[Rd] Fwd: Re: [EXTERNAL] Re: backquotes and term.labels
Martin Maechler
maechler at stat.math.ethz.ch
Thu Mar 8 16:07:12 CET 2018
>>>>> Ben Bolker <bbolker at gmail.com>
>>>>> on Thu, 8 Mar 2018 09:42:40 -0500 writes:
> Meant to respond to this but forgot.
> I didn't write a new terms() function -- I added an attribute to the
> terms() (a vector of the names
> of the constructed model matrix), thus preserving the information at
> the point when it was available.
> I do agree that it would be preferable to have an upstream fix ...
did anybody ever propose a small patch to the upstream sources ?
-- including a REPREX (or 2: one for lme4, one for survival)
I'm open to look at one .. not for the next few days, though.
Martin
> On Thu, Mar 8, 2018 at 9:39 AM, Therneau, Terry M., Ph.D. via R-devel
> <r-devel at r-project.org> wrote:
>> Ben,
>>
>>
>> Looking at your notes, it appears that your solution is to write your own
>> terms() function
>> for lme. It is easy to verify that the "varnames.fixed" attribute is not
>> returned by the
>> ususal terms function.
>>
>> Then I also need to write my own terms function for the survival and coxme
>> pacakges?
>> Because of the need to treat strata() terms in a special way I manipulate
>> the
>> formula/terms in nearly every routine.
>>
>> Extrapolating: every R package that tries to examine formulas and partition
>> them into bits
>> needs its own terms function? This does not look like a good solution to
>> me.
>>
>> On 03/07/2018 07:39 AM, Ben Bolker wrote:
>>>
>>> I knew I had seen this before but couldn't previously remember where.
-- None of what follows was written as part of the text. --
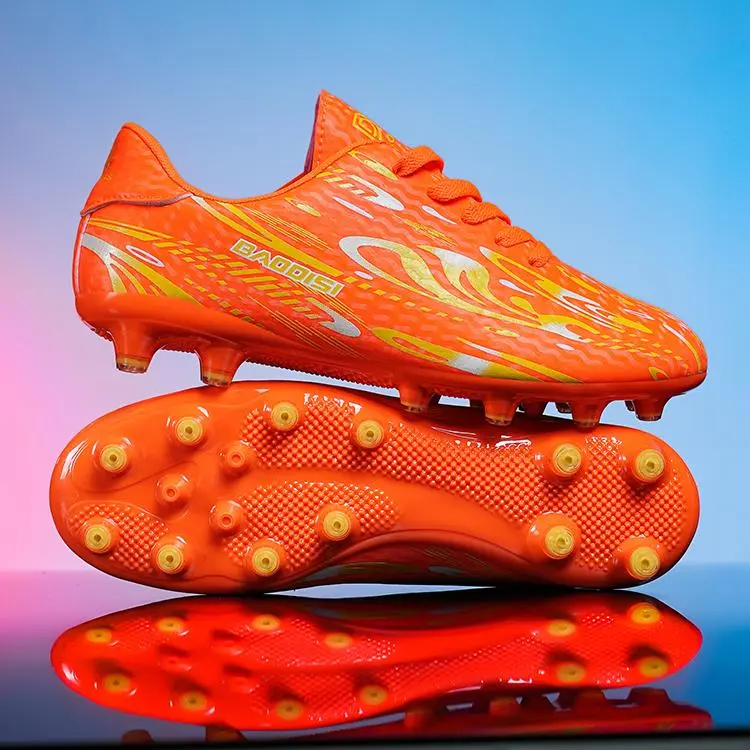 LONGDUIZHANG Soccer Shoes Unisex Low Top Orange Red/Black Gold/Black Sky Blue/White Gold-25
>>> https://github.com/lme4/lme4/issues/441 ... I initially fixed with
>>> gsub(), but (pushed by Martin Maechler to do better) I eventually
>>> fixed it by storing the original names of the model frame (without
>>> backticks) as an attribute for later retrieval:
>>>
>>> https://github.com/lme4/lme4/commit/56416fc8b3b5153df7df5547082835c5d5725e89.
>>>
>>>
>>> On Wed, Mar 7, 2018 at 8:22 AM, Therneau, Terry M., Ph.D. via R-devel
>>> <r-devel at r-project.org> wrote:
>>>>
>>>> Thanks to Bill Dunlap for the clarification. On follow-up it turns out
>>>> that
>>>> this will be an issue for many if not most of the routines in the
>>>> survival
>>>> package: a lot of them look at the terms structure and make use of the
>>>> dimnames of attr(terms, 'factors'), which also keeps the unneeded
>>>> backquotes. Others use the term.labels attribute. To dodge this I will
>>>> need to create a fixterms() routine which I call at the top of every
>>>> single
>>>> routine in the library.
>>>>
>>>> Is there a chance for a fix at a higher level?
>>>>
>>>> Terry T.
>>>>
>>>>
>>>>
>>>> On 03/05/2018 03:55 PM, William Dunlap wrote:
>>>>>
>>>>> I believe this has to do terms() making "term.labels" (hence the
>>>>> dimnames
>>>>> of "factors")
>>>>> with deparse(), so that the backquotes are included for non-syntactic
>>>>> names. The backquotes
>>>>> are not in the column names of the input data.frame (nor model frame) so
>>>>> you get a mismatch
>>>>> when subscripting the data.frame or model.frame with elements of
>>>>> terms()$term.labels.
>>>>>
>>>>> I think you can avoid the problem by adding right after
>>>>> ll <- attr(Terms, "term.labels")
>>>>> the line
>>>>> ll <- gsub("^`|`$", "", ll)
>>>>>
>>>>> E.g.,
>>>>>
>>>>> > d <- data.frame(check.names=FALSE, y=1/(1:5), `b$a$d`=sin(1:5)+2, `x
>>>>> y
>>>>> z`=cos(1:5)+2)
>>>>> > Terms <- terms( y ~ log(`b$a$d`) + `x y z` )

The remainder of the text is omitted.